Common Misconceptions and Points to Note
When you start using this tool, there are a few common pitfalls to watch out for. First, make sure you understand the assumption that "the inlet condition comes from an infinitely large tank." The simulator calculates starting from a state where the flow velocity at the inlet is nearly zero (Mach number ≈ 0). However, an actual engine's combustion chamber is finite in size and has its own flow. If the inlet Mach number is 0.1 or higher, be aware that the simple area ratio formula used by this tool alone won't determine the accurate shape.
Next, be careful of errors in setting the "specific heat ratio γ." A common mistake is designing a rocket nozzle for air (γ=1.4). Rocket combustion gases contain a lot of water vapor and carbon dioxide, so γ can be around 1.2. For example, simply changing γ from 1.4 to 1.25 increases the required area ratio to achieve the same exit Mach number of 5.0 by about 40. Always double-check the gas you're using.
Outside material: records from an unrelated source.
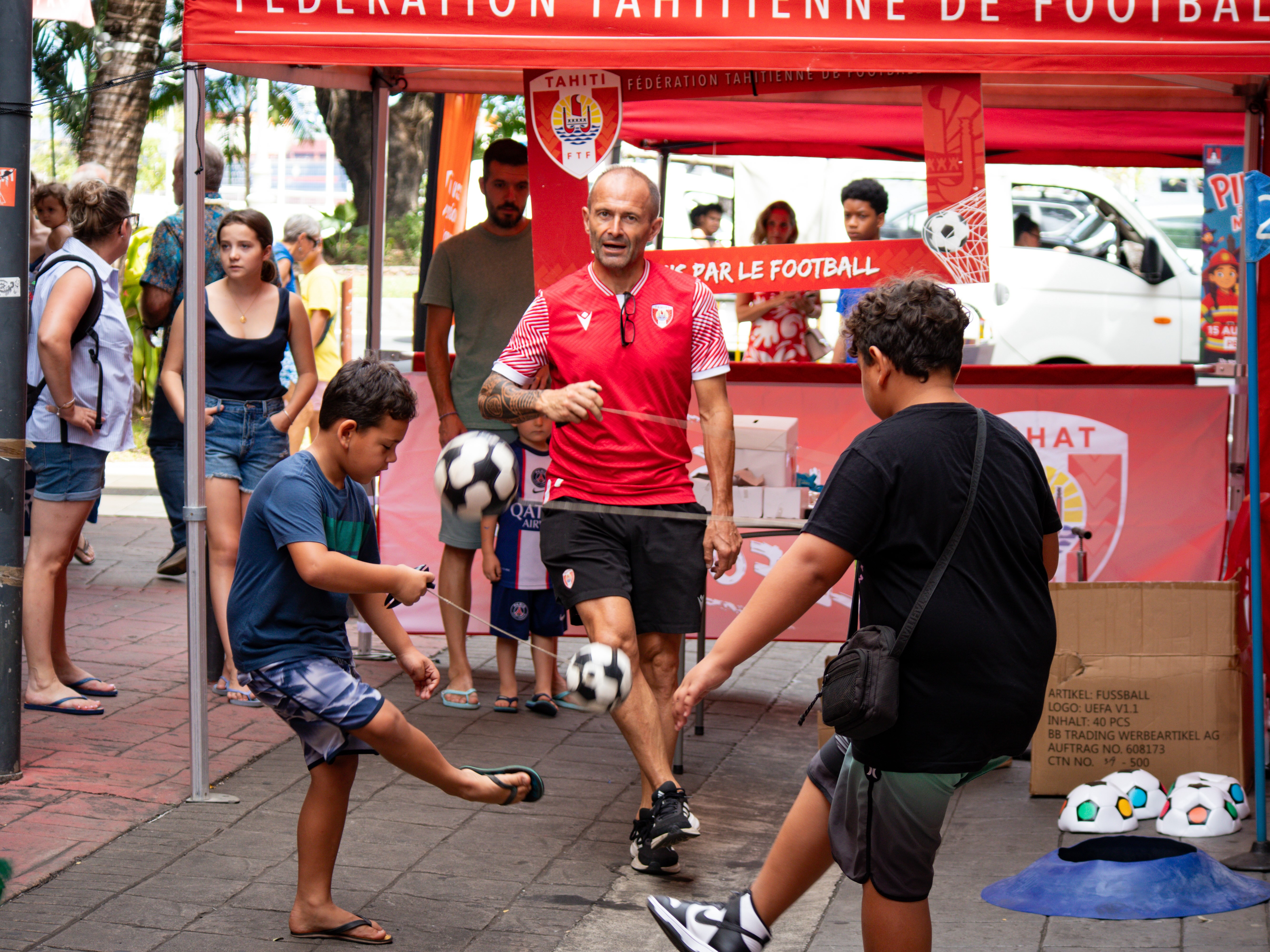 Des stands ont été répartis de la Cathédrale Notre-Dame au parc Bougainville, en passant par le front de mer, le centre Vaima et le Quartier du Commerce. ©DM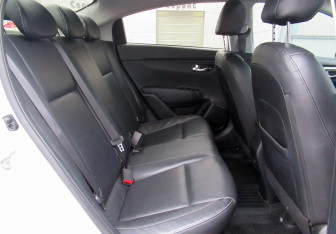 Подержанный автомобиль Kia Rio Sedan 2021 года (13 фото)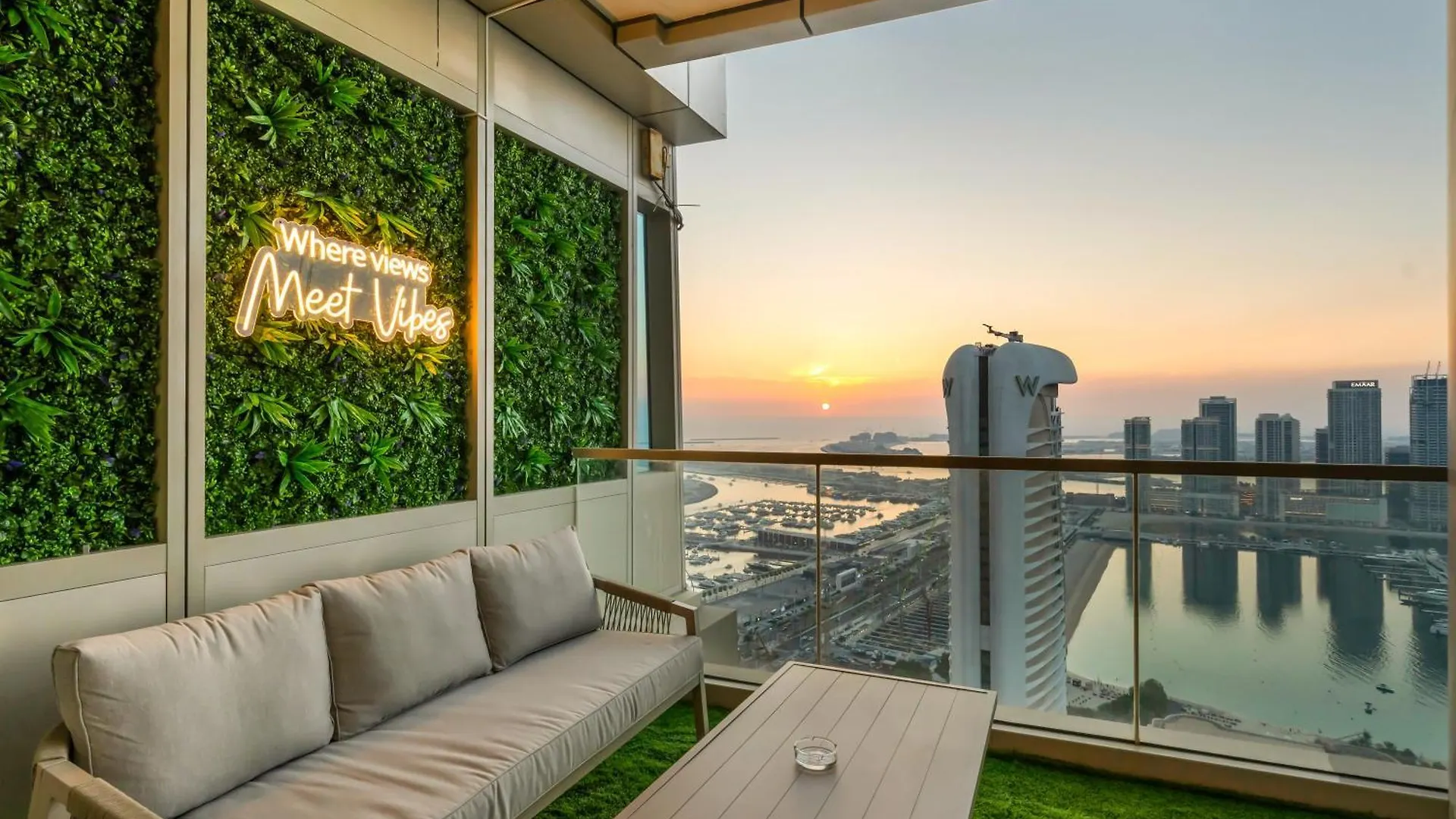 Sensational Direct Sea, Ain View And Palm Jumeirah In Dubai Marina Apartment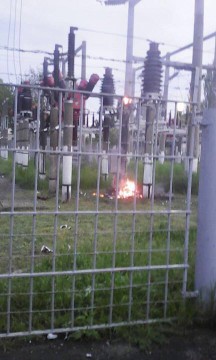 EXPLOZIE urmată de INCENDIU la un transformator!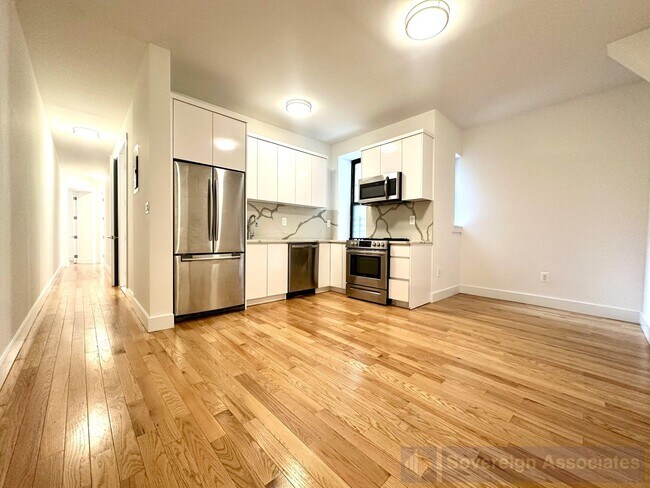 Foto del edificio - 609 W 137th St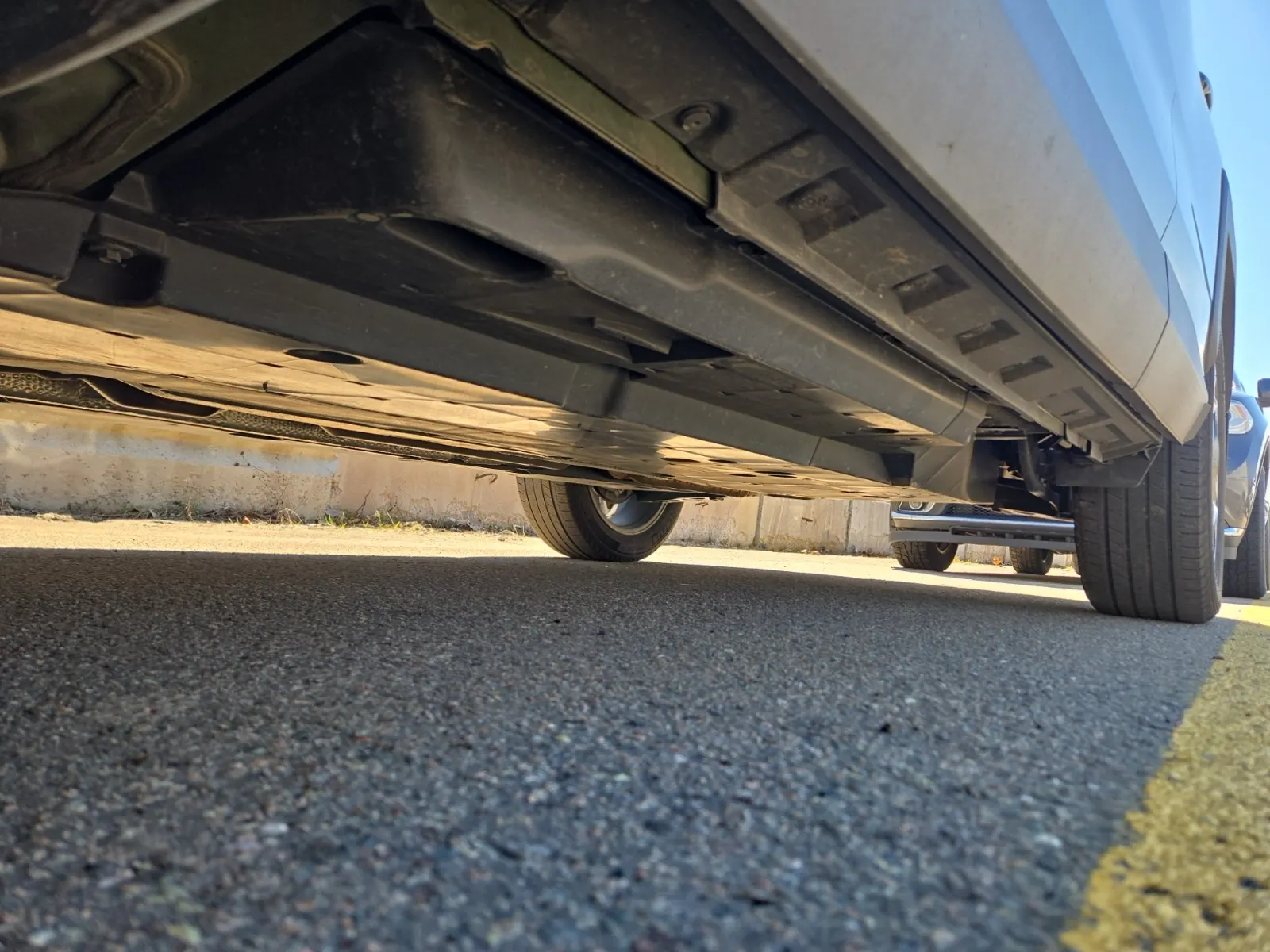 Undercarriage - Driver Photo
Finally, there's the "gap between ideal and reality." This calculation is based on "one-dimensional isentropic flow," which completely ignores wall friction, heat losses, and two-dimensional flow effects. In actual nozzles, especially small ones, the boundary layer can reduce the effective flow area, preventing the design performance from being achieved. Remember, even if you achieve an "optimal design" in simulation, the real design work begins from there.
Enter stagnation pressure (P₀) in Pa and stagnation temperature (T₀) in K for your working fluid (e.g., combustion gases at P₀=2.5 MPa, T₀=3000 K for rocket engines).
Set throat area A* in mm² and target exit Mach number (typically 2.5–4.5 for supersonic operation).
Click Calculate to generate isentropic flow properties: exit velocity, pressure ratio Pe/P₀, area expansion ratio Ae/A*, mass flow rate, thrust, and specific impulse at sea-level conditions.
Worked Example
Solid rocket motor with nitrogen tetroxide/hydrazine: P₀=3.0 MPa, T₀=2800 K, throat A*=45 mm², exit Mach=3.2, gamma=1.25. Calculator yields exit velocity=3650 m/s, Pe/P₀=0.028, Ae/A*=8.6, mass flow=12.8 kg/s, thrust=46.7 kN, specific impulse=374 seconds. Expanding from subsonic throat to Mach 3.2 requires divergent section area ratio of 8.6:1.
Practical Notes
Verify convergence before divergence: subsonic flow (M<1) in converging section, sonic at throat (M=1), supersonic expansion in diverging section—mixing occurs if back-pressure exceeds design Pe.
For hypergonic propellants, gamma varies with temperature; use gamma=1.20–1.22 above 2500 K to avoid underestimating expansion.
Thrust peaks when nozzle operates at design altitude (typically 1 atm); lower back-pressure causes overexpansion and side-load forces on divergent walls.